Without further ado, here’s the most naive thing conceivable:
static int[] Full(IEnumerable<int> range)
{
return range.Where(n =>
{
if (n == 2) return true;
for (int i = 2; i < n; ++i)
if (n % i == 0)
return false;
return true;
}).ToArray();
}
This is rather horrible; we iterate over the entire sequence and for each element, check whether it’s prime by going through all possible candidates for a composite divisor and checking them individually. The ToArray() call at the end materializes the query.
Let’s attend to the complexity of this method. It does not use any additional memory (more accurately, it uses only a constant amount of memory that is not a function of the range size), which is a positive characteristic. However, its runtime complexity leaves much to be desired. Here’s a simple upper bound on its runtime, assuming that the range is {1…N} for some N:
For each number k in {1…N}, the algorithm performs k iterations of the loop if the number is prime, and less than k iterations if the number is composite. Therefore, the total number of steps performed by the algorithm is at most N(N+1)/2, or O(N^2). This is not a tight upper bound, because not all numbers in the range are prime (in fact, 50% of the numbers require only one step of the loop; another 33% of the numbers require only two steps; etc.).

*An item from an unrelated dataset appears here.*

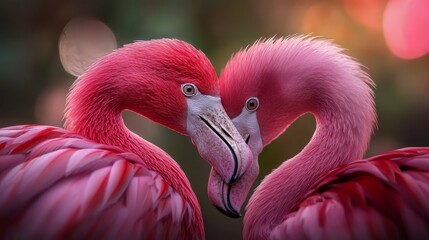  Two pink flamingos standing side by side, their curved beaks forming a heart shape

Another approach for estimating the runtime complexity is evaluating the number of primes in the range {1…N}, because these are the numbers that are expensive to test. A known result for the number of primes less than X is roughly 2Sqrt[x]/Log[X]. For each of these numbers k we perform roughly k iterations inside the loop; the biggest possible one is N and therefore we perform at most N(2Sqrt[N]/Log[N]) operations, or O(N^(3/2)/Log[N])). This is much better than O(N^2) and is a tighter bound on the runtime complexity of our algorithm. It really grows much slower – here’s a plot of the two functions:
This doesn’t change the fact that it’s really horribly slow. Here are some results for relatively small values of N, times shown in milliseconds: [measured on my machine, of course]
| N | Runtime (ms) |
| 9998 | 52 |
| 12998 | 81 |
| 16898 | 139 |
| 21968 | 277 |
| 28559 | 371 |
| 37127 | 603 |
| 48265 | 954 |
| 62745 | 1554 |
| 81569 | 3051 |
There are some significant improvements that can be made to this. The most trivial of all is known to any high school student: If you’re checking whether K is prime, you don’t have to test all the factors {2…K} – it’s enough to test all the factors {2…Floor[Sqrt[K]]} and you’re good. We’ll attend to that in the next installment.